▶ Exercise
Hand back, word for word, the lines from the one containing "Máquina de escribir (Olivetti Lettera 25)" to the end of the records, both included, and leave out pictures.

#### Source records ####

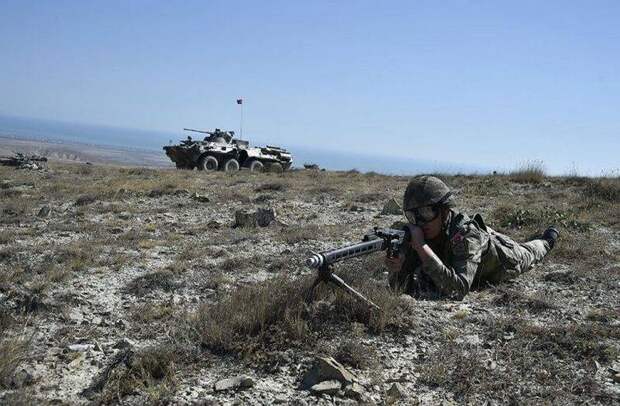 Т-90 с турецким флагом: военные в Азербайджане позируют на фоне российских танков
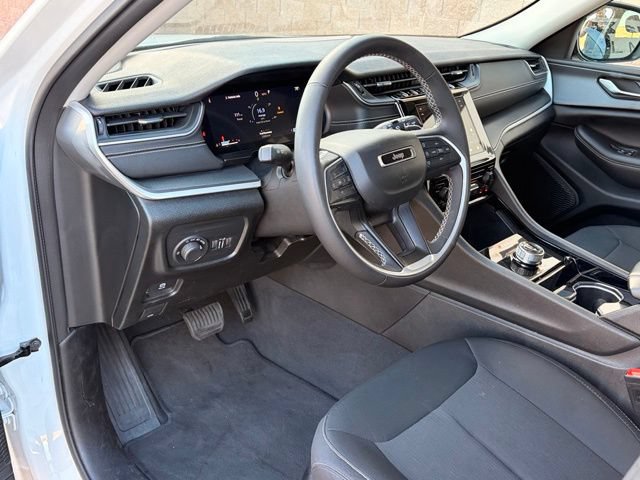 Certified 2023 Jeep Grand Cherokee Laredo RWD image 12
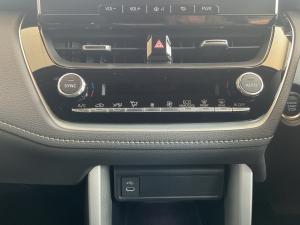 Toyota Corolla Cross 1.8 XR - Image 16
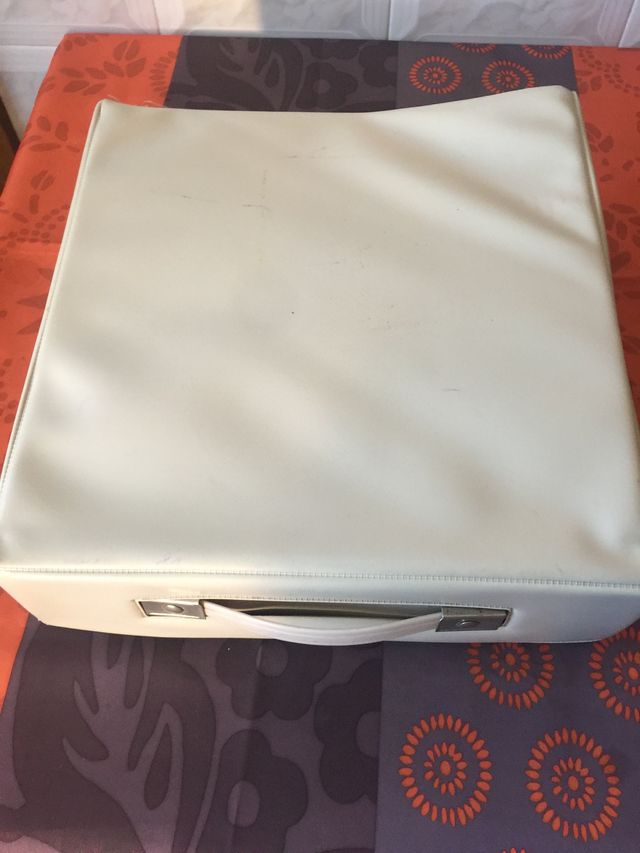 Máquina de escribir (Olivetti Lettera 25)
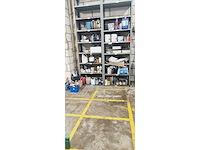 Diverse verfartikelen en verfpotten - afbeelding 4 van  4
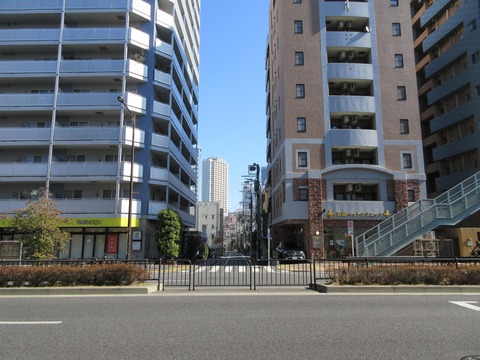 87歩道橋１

####

▶ Solution below
 Máquina de escribir (Olivetti Lettera 25)
 Diverse verfartikelen en verfpotten - afbeelding 4 van  4
 87歩道橋１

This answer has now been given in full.